WIN A PART IN “WAR” Image

WIN A PART IN “WAR”

By admin | September 10, 2001

Here’s the latest news on the remake of “War of the Worlds” direct from the production with info on how you can win a part in the film:
WAR OF THE WORLDS director Timothy Hines and Producer Susan Goforth have returned from the picturesque Bavarian town of Leavenworth, Washington, where they photographed images of raging forest fires to use in special effects compositing. “Anyone who has read H. G. Wells’ novel knows that the story calls for many woodland settings in flames sparked by alien fighting machine heat rays,” declares Hines. “Nature provided us with the opportunity to film real fires at the right time. We would have spent mountains of effort recreating what we captured, and it never would have had the amazing force of the real thing.”

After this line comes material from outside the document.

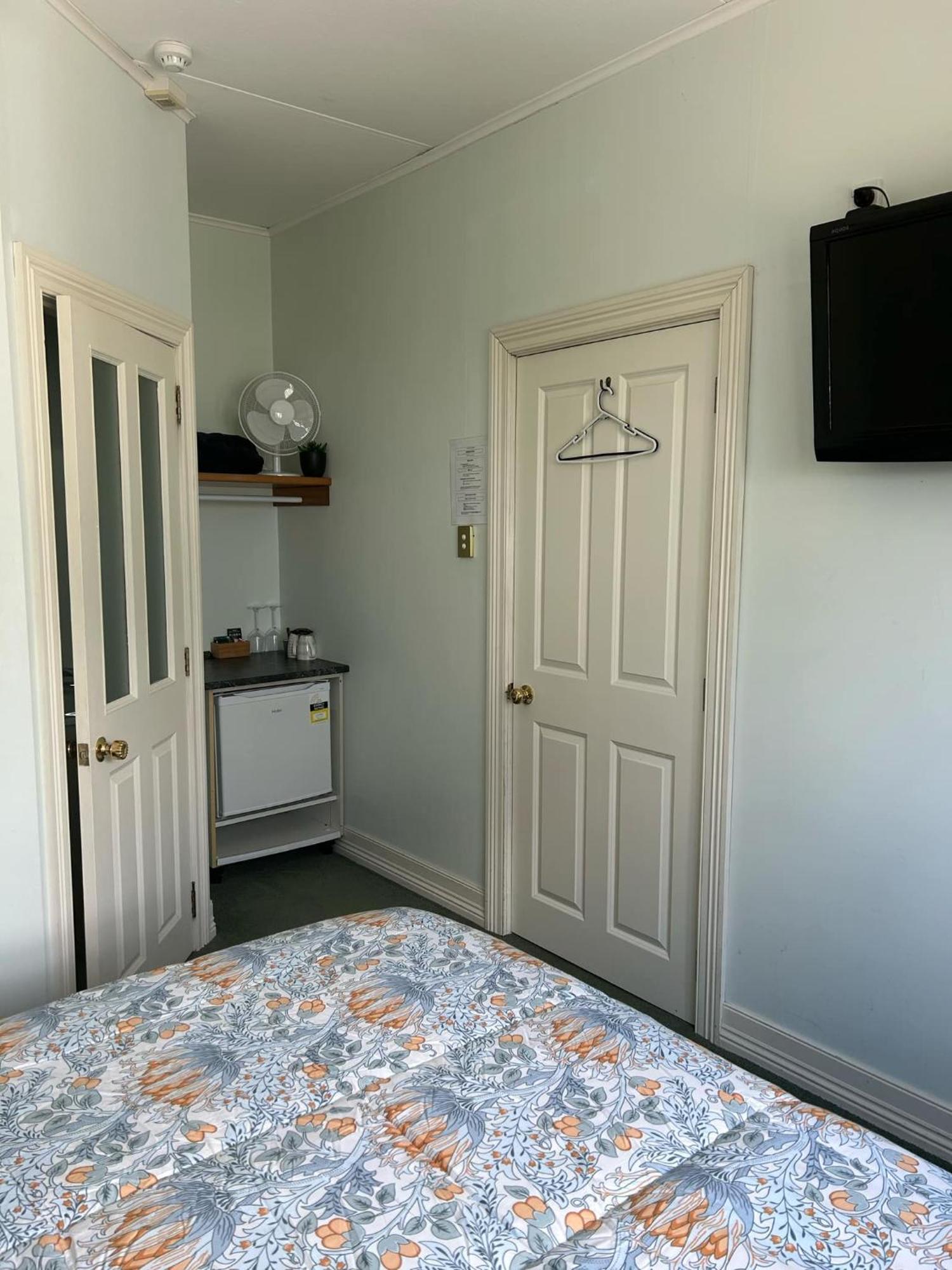 Bed & Breakfast Admirals 3*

Producer Susan Goforth concurs, “I’ve never seen anything like it in my life. There are just no words to describe the experience of being so close to a curtain of fire rising into the sky and stretching on for miles. Wafts of heat constantly remind you of forces that are greater than our own. Timothy was so excited. He kept moving in closer and closer with the camera. I was very worried as to how far we were pushing those boundaries. I had to keep reminding Timothy that we didn’t want to announce that the principals of the new WAR OF THE WORLDS movie perished while filming forest fires.”

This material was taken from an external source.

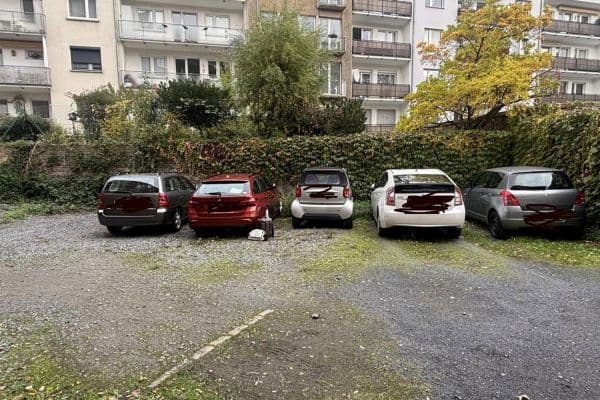 Pronájem garáže, Burgunder Straße 44, Köln, Severní Porýní-Vestfálsko Pronájem garáže, Burgunder Straße 44, Köln, Severní Porýní-Vestfálsko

On other fronts of WAR OF THE WORLDS, the production is gearing up for its October 15th start date of principle photography. “The excitement is palpable,” beams Timothy Hines. “The city of Seattle and the surrounding towns have been incredibly helpful in securing locations that in many cases we had planned to do on soundstages. No soundstage set can compare to the spectacle of actually setting up hundreds of demolished cars and trucks on real streets and setting them afire. Of course the many mechanical effects and the devastation that has to be added becomes a logistical challenge.”

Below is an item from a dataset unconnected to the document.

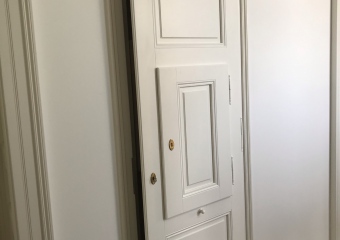 barvené historické dveře.jpg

Susan Goforth smiles, “Timothy prefers real settings to stage sets. He’s been pulling us in that direction since the beginning. We are fortunate shooting in the Northwest in that so many shopkeepers are willing to let us break out their windows and make their establishments look to be in ruins.”
Foundation Imaging, who provided effects for STAR TREK VOYAGER and the upcoming ENTERPRISE series, just provided Pendragon Pictures with some of the advanced design work and effects tests for the fighting machines. Timothy Hines excitedly says, “The fans of WAR OF THE WORLDS have no idea how phenomenal the alien technology will be. We have astoundingly gifted designers and artists working on this and most of them have been envisioning Wells’ fighting machines their whole lives.”
The look of the fighting machines and alien technology is coming from both the computer world and the miniature team, but being led by the miniature creations. Miniature effects supervisor Jon Sorensen, who contributed to such films as ALIEN, OUTLAND, and THE DARK CRYSTAL, says, “We have to be careful that the CG tail doesn’t wag the MINIATURE dog. The Aliens have been studying us. Our past. They would pick things from various periods that scare us and integrate them into their machines. They have constructed these things for the sole purpose of invading Earth. Nowhere else. These machines are custom built for that purpose. Not as generalized war machines. They have complicated pistons and highly detailed machinery.”
Timothy Hines adds, “WAR OF THE WORLDS is going to feel as reality. Using miniatures and actual locations will help to anchor this. Also, it’s easier for the actors when they can react to actual trucks being dropped from cranes onto parked cars and full-scale sections of the alien fighting machines whipping past their heads as opposed to starring into a blank green walls. H. G. Wells would be very pleased as to how we are honoring his visions.”
Casting is still in progress as Timothy Hines insists on having the best and the most natural actors possible to fill out his production. “Ultimately the human element is everything. We can have the biggest explosions and most spectacular battle scene ever put on film and it won’t matter if you don’t care about the people. WAR OF THE WORLDS is a lesson of arrogance and hubris. How we react is far more important than the tactics and strategies of our enemies,” reflects Hines.
Check out the contest to win a role as a featured extra in WAR OF THE WORLDS on the Pendragon Pictures website. Nine winning contestants will land a paid on-camera featured extra role and be flown to New York City to attend the premiere with the director and cast. The first place contestant will be allowed to speak on his or her experiences of being in WAR OF THE WORLDS and all winning contestants will be featured in THE MAKING OF WAR OF THE WORLDS book.